Nawet moje dziecko kręciło głową na fakt, że makaron ma swój dzień, "przecież to tylko jedzenie, mamo, jak może mieć swoje święto?!". Ano może, i to światowe...
Spaghetti wieczorem jedliśmy nie z okazji tego święta, tylko z okazji bardzo zajętego dnia, w którym nie było czasu na gotowanie obiadu.
U nas jest to danie ratunkowe, bo super ekspresowe, a jednak pożywne, więc nadaje się idealnie na takie sytuacje.
Wrzuciłam zdjęcie na fb i zostałam poproszona o dokładny przepis, no i okazało się, że jakimś tajemniczym sposobem pominęłam do tej pory spaghetti na blogu, a to jedno z naszych ulubionych dań przecież!
No więc dziś jest ten wielki dzień ;) "dzień po pasta day 2015", kiedy super ekspresowe i przepyszne spaghetti ląduje wreszcie na stronie Wszystko jest w głowie :))
Pisałam już kiedyś o EKSPRESOWYCH ZUPACH POMIDOROWYCH na bazie soku pomidorowego i dokładnie w ten sam sposób powstaje nasz sos do spaghetti, a także sos do pizzy.
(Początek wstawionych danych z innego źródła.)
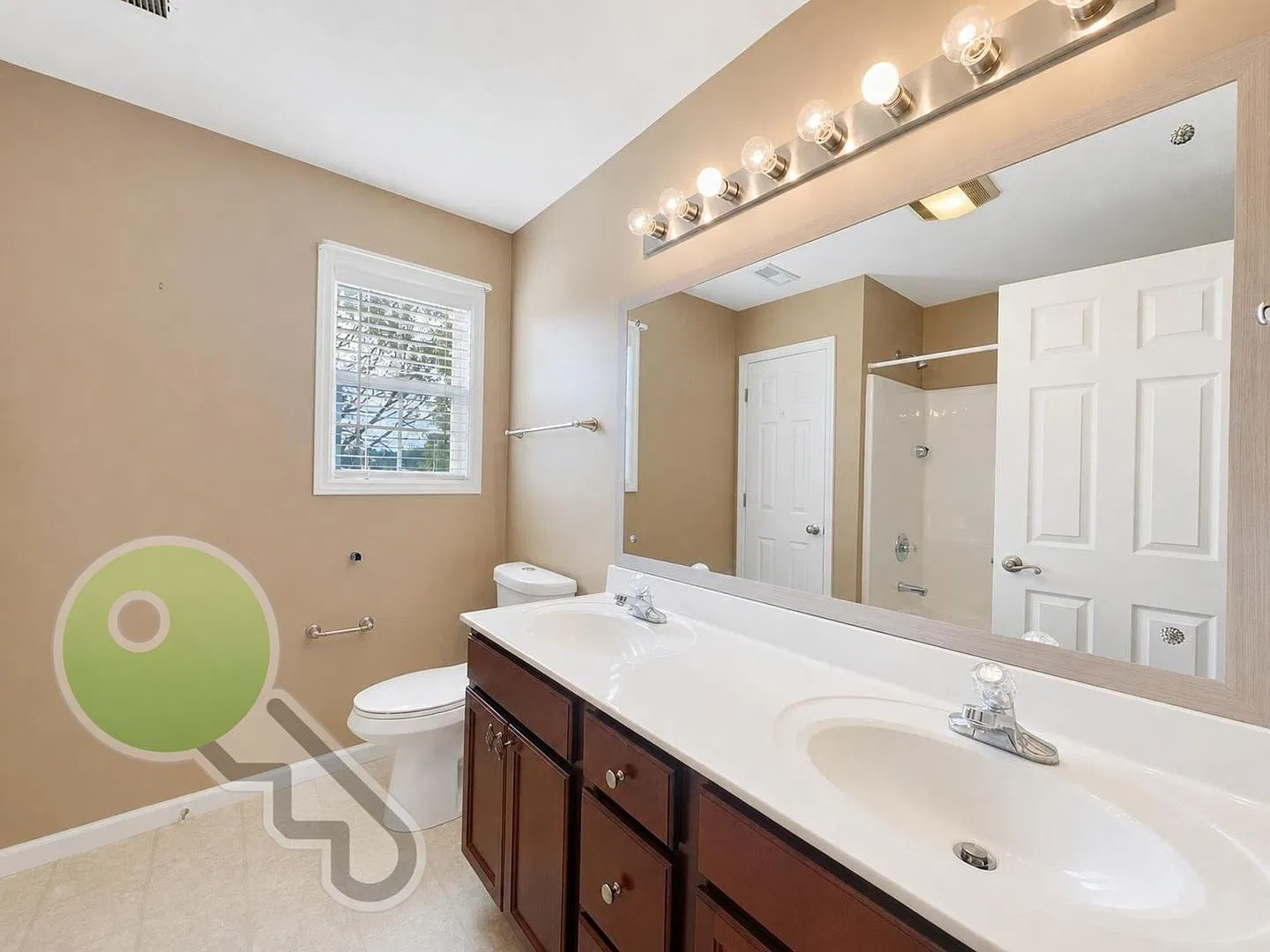 Charming Knoxville Home with Bonus Room, Spacious Yard & Garage — Photo 4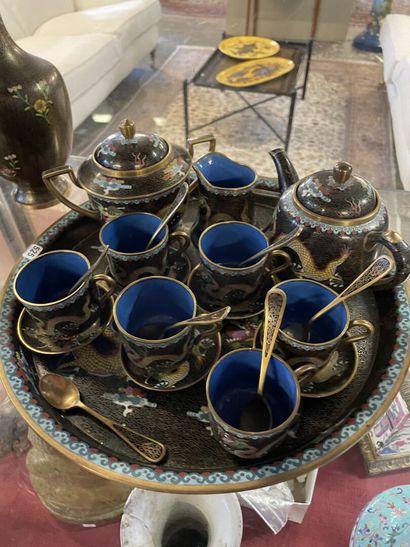 Service à thé asiatique en émaux cloisonnés...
To zdecydowanie lepsza wersja, niż sos ze świeżych pomidorów (które lepiej sobie zjeść świeże, tak po prostu) lub z koncentratu pomidorowego (którego nie używam już lata świetlne) - karton soku pomidorowego wlać na patelnię, przyprawić, odparować i jeść, brzmi dobrze?
Ok, dokładnie robimy to tak:
- litr soku pomidorowego wlewamy do głębszej patelni, włączamy średni ogień, nie przykrywamy,
- teraz wstawiamy wodę na makaron,
- przepłukujemy 2 garści łuskanego słonecznika i wrzucamy do gorącego już soku, żeby miękł i rozpadał się w czasie gotowania sosu,
- przyprawiamy: pół łyżeczki pieprzu, 2 duże ząbki czosnku, garść oliwek, 2 duże łyżki suszonej bazylii,
- dodajemy łyżeczkę oleju i mieszając od czasu do czasu pozwalamy sosowi gęstnieć.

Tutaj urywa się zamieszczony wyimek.